***** GIVEN DATA *****

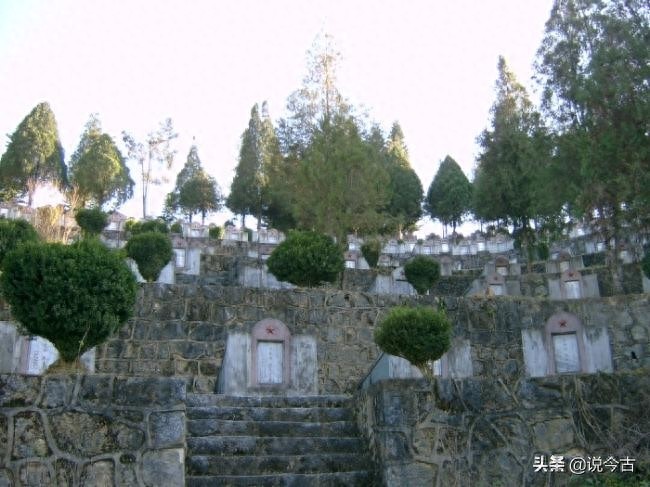 在今天这个日子，我们不能忘记这个地方，云南麻栗坡烈士陵园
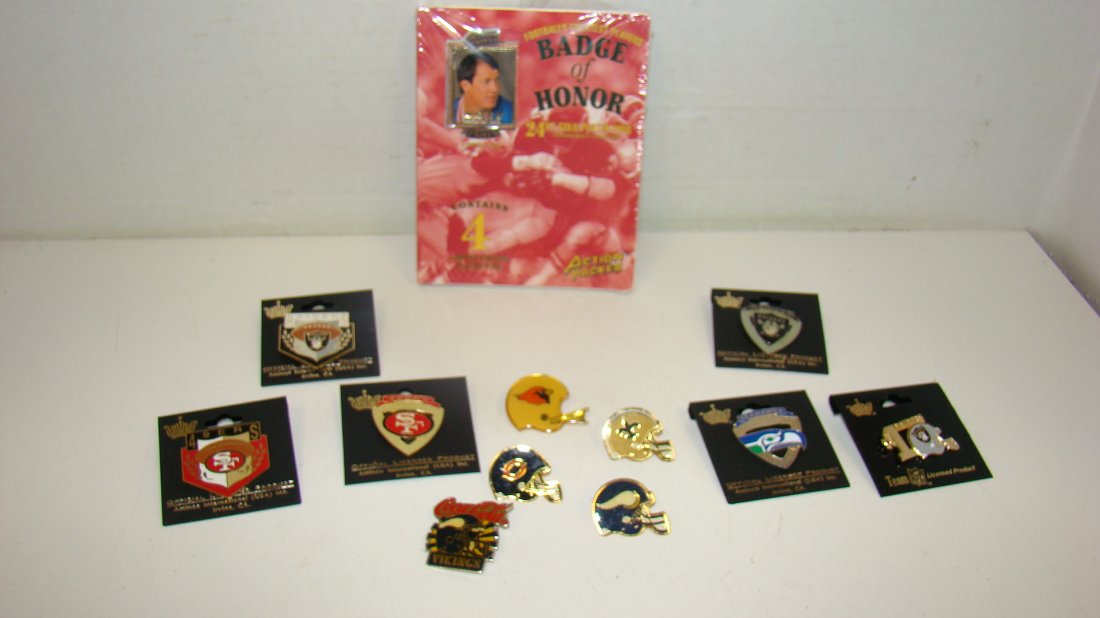 12 VARIOUS NFL LAPEL PINS (1 of 4)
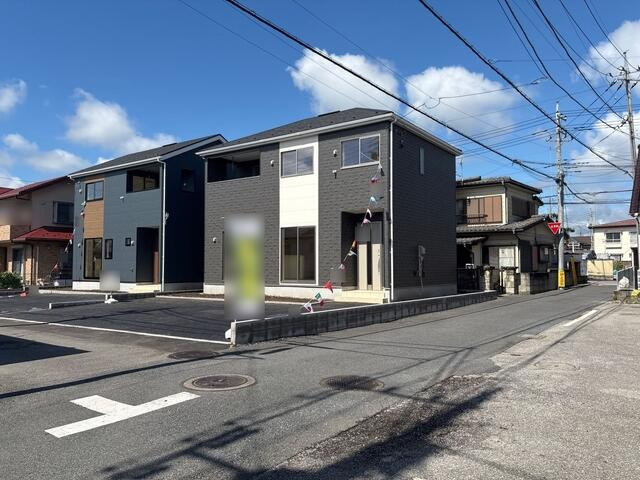 クレイドルガーデン宇都宮市若草第5　新築一戸建ての前面道路含む現地写真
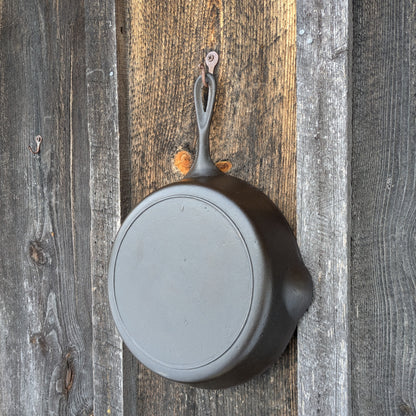 Antique Raised Number No Notch Lodge #7 Cast Iron Skillet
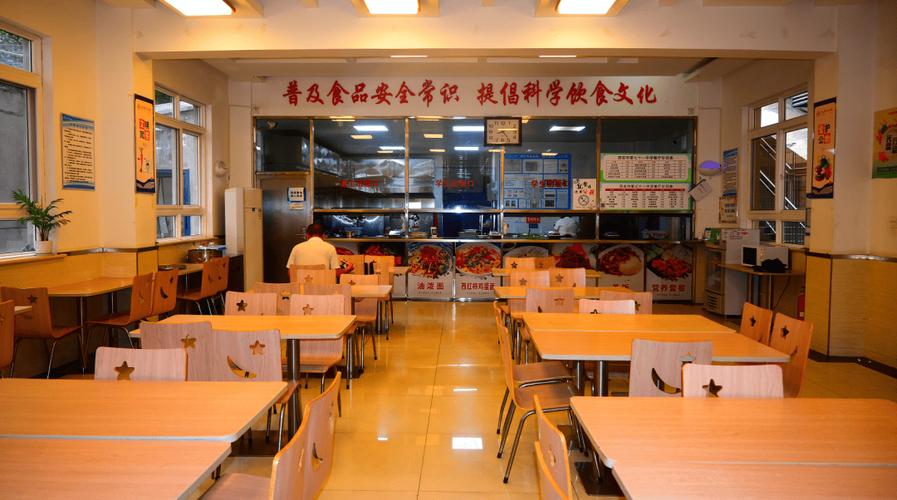重视促进教育资源共享,加强"名师送教",跟进"课后服务",辅助"军事管理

*****

• [REQUIRED ACTION]: Start at the line that contains "クレイドルガーデン宇都宮市若草第5　新築一戸建ての前面道路含む現地写真" and retype every line through the end of the entries above, both ends included. Exclude all pictures.

• [RESPONSE AREA]:
 クレイドルガーデン宇都宮市若草第5　新築一戸建ての前面道路含む現地写真
 Antique Raised Number No Notch Lodge #7 Cast Iron Skillet
重视促进教育资源共享,加强"名师送教",跟进"课后服务",辅助"军事管理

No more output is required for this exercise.